There exists more free and openly accessible parallell texts beside the EU ones. One bigger project is OPUS[1], which contains free software translations and subtitles for example.
Another kind of text that is suitable for statistical machine translation is comparable texts. They are texts written about the same thing, but not necessary translation of each other. This kind of text is harder to align into a translation dictionary model, but this kind of texts might be easier to find. From one point of view, the whole Wikipedia with it's language links can be seen as a huge corpus of comparable texts. There exists free tools for aligning comparable texts, one that pops into mind right now is Yalign[2], [3]. Another source for comparable texts is news articles about the same event.
Best wishes! Kristian
[1] http://opus.lingfil.uu.se/ [2] http://yalign.machinalis.com/ [3] https://github.com/machinalis/yalign
22.05.2014 19:03, Lars Aronsson kirjutas:
On 05/22/2014 05:41 PM, Petr Bena wrote:
I was looking for a free (possibly open source) provider of automatic translations for my open source application I am working on and quite had troubles finding some. Then I realized we have a project called "wiktionary" which could possibly (I was assuming it's open dictionary) help me here, but I was quite disappointed as I couldn't find any simple way to perform simple queries like:
There are several open-source machine translation projects. They are either rule-based or statistics-based. One of the rule-based projects is Apertium.

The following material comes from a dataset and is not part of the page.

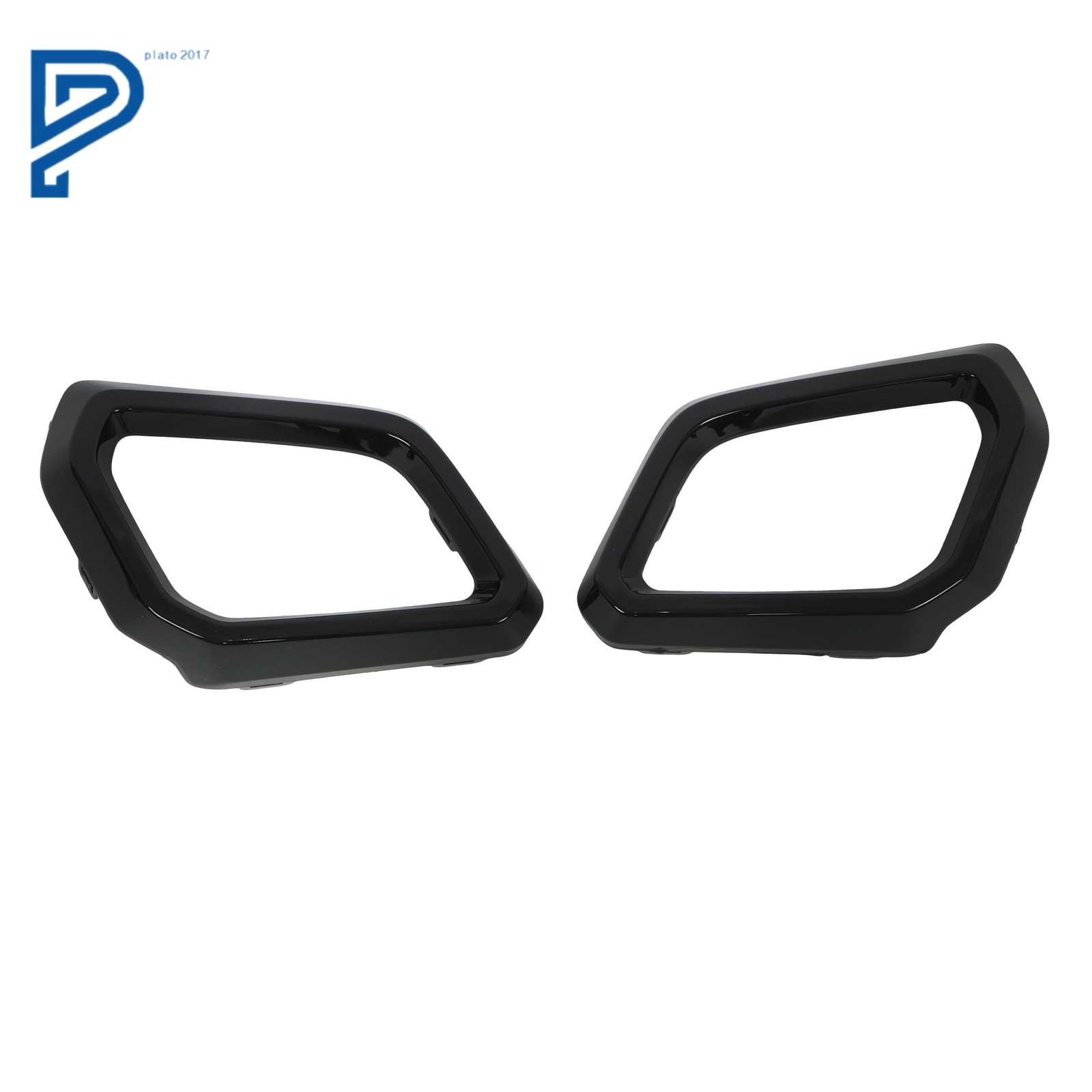 Front Left & Right Side Bumper Trim Molding Gloss Black For Honda CR-V 2023-2025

When you start from zero, building a rule-based system gives you a useful system quite fast, especially if the two languages are similar. A statistics-based system (such as Google Translate) requires enormous amounts of data to become useful.
It's not something that you can start as a subproject within Wiktionary, not even as a separate WMF project. It's a very large task.
One naive approach is to base a statistics-based machine translator (SMT) on the European Union's freely available parallel text corpus. When you try to translate Finnish "terve" (which means: hello!) into English in such a system, it will say "health", since the same word also means health, and EU texts only talk about healthcare, never "hello".